En esto, Lenin seguía a Marx, que en sus Tesis sobre Feuerbach ya había explicado que después de criticar la "alienación religiosa" falta hacer lo fundamental, es decir explicar las contradicciones sociales que le dan origen y subvertirlas en la práctica.

No cederle “ni tantico así” de poder al Estado imperialista (y a ningún Estado) para atacar a las libertades democráticas, entre ellas la libertad de expresión, no es sinónimo de abstenerse de la crítica al contenido político de las manifestaciones periodísticas de Charlie Hebdo, más aún cuando en el último tiempo había tomado al Islam como uno de los blancos predilectos de su sátira. Y con mayor razón cuando esta religión es a la que adhieren sectores mayoritarios de pueblos oprimidos, que son blanco de ataque de la guerra “antiterrorista”. Con muchas razones para la impotencia frente a las fuerzas ciegas y salvajes (¡Palestina!) que desata un sistema decadente y bárbaro.

Para ejemplificar, no es lo mismo la crítica satírica y artística al catolicismo en la Argentina (León Ferrari) que a la misma religión, pongamos por caso, en Irlanda del Norte. Allí se convirtió en forma ideológica de los que se oponían a la opresión inglesa y en legítima demanda democrática para ejercerla “libremente”. 

Si esta crítica ideológica toma formas artísticas, como es el caso de Charlie Hebdo, ese mismo contenido político-artístico no está eximido de la crítica. Las mismas convicciones del combate contra cualquier tipo censura estatal y contra los bárbaros actos de terrorismo del fueron víctimas, habilitan la crítica.
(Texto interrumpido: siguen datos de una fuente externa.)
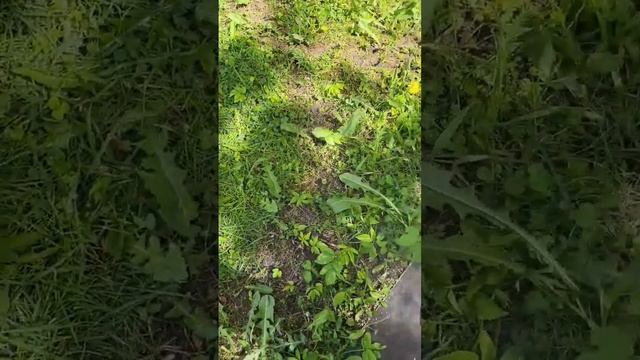 Проверила средство от одуванчиков смотреть онлайн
"Así, la crítica de los cielos se transforma en crítica de la tierra, la crítica de la religión en la crítica de la ley, y la crítica de la teología en la crítica de la política", como dijera Marx.
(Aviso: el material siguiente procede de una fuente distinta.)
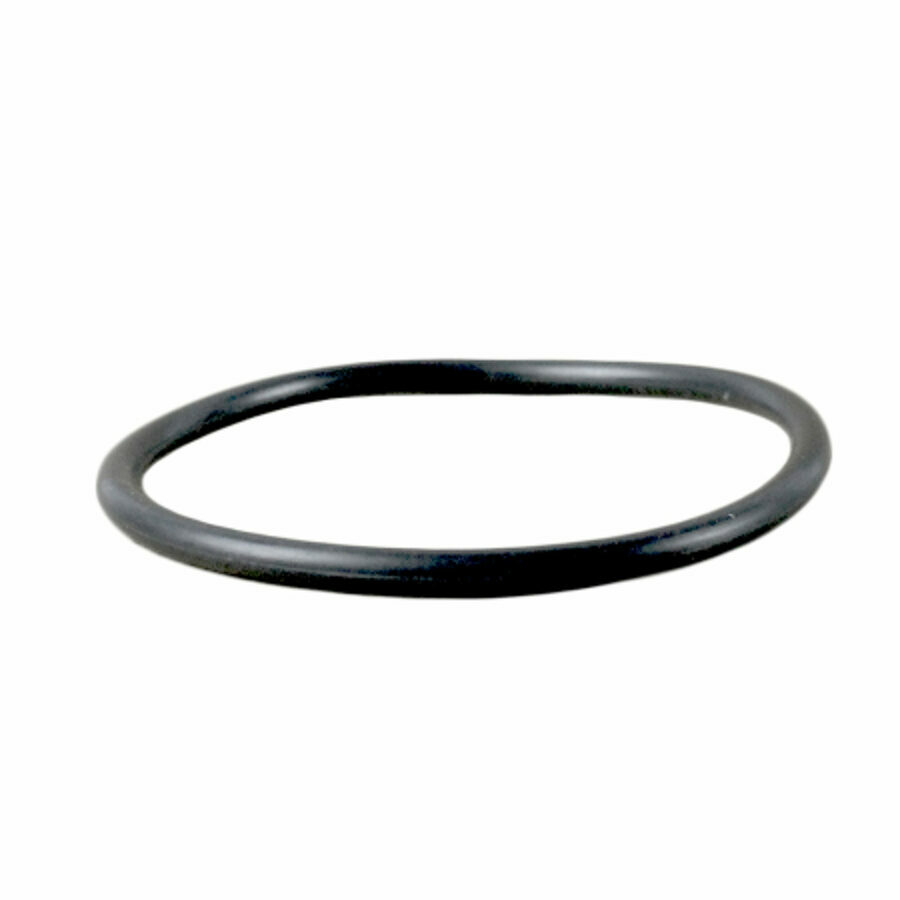 SEAL, AIR SHIFT O-RING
Esto es, rastrear las raíces profundas de la religión como ideología, las condiciones de opresión y explotación de gran parte del mundo árabe e islámico, el uso de sus burguesías locales y el abuso del imperialismo mundial.
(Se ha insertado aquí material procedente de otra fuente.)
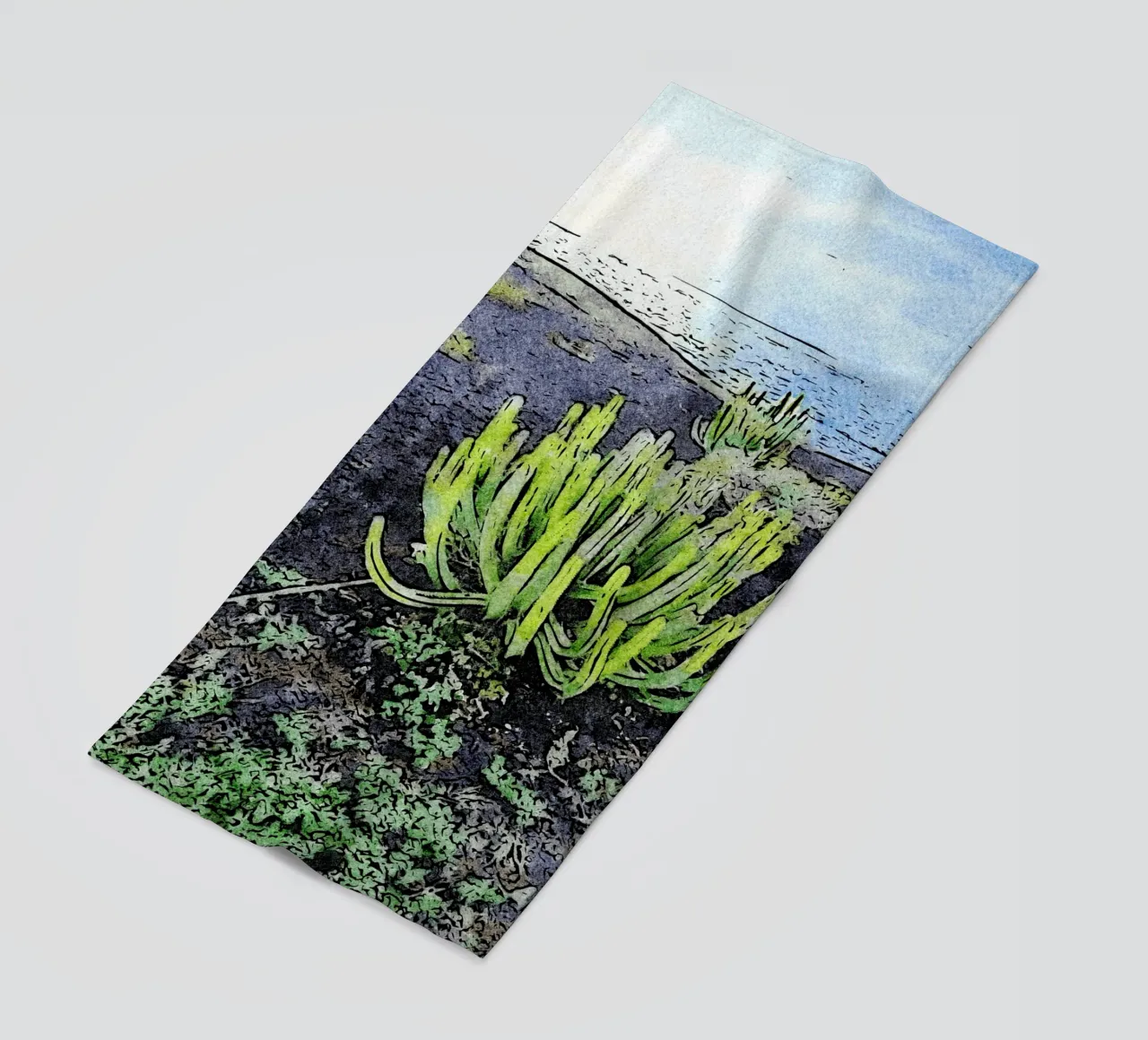 cactus telo mare da Massimo Frascogna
En cuanto a la cuestión histórico-filosófica: 

La imagen de un atentado bárbaro "medieval" contra un semanario de humor político con ribetes "posmodernos" es, de por sí, una trastocación de cualquier sentido del tiempo histórico. Parafraseando a los Redondos, el futuro llegó hace rato... y es un retroceso. 

Si el marxismo del siglo XX permite analizar el imperialismo como reacción en toda la línea (Lenin) o como combinación de reacción y reconfiguraciones del poder estatal-societal que garantizan la duración de un sistema en crisis orgánica, incluso con alguna pose "progresista" (Antonio Gramsci), desde ambas lecturas se abre la posibilidad de una descomposición del tiempo histórico: el tiempo lineal y vacío del "progreso" deja su lugar a una temporalidad en proceso de descomposición, donde el pasado y el presente se superponen y crean combinaciones originales que pueden resultar aberrantes. En este contexto, la teoría de la revolución permanente de León Trotsky (basada a su vez en otra teoría, la del desarrollo desigual y combinado) presta un marco de referencia para pensar la reversión de una temporalidad que no para de retroceder por el "lado malo" de la historia. La condición es que el sujeto histórico proletario vuelva por sus fueros, con la bandera de un nuevo internacionalismo concreto.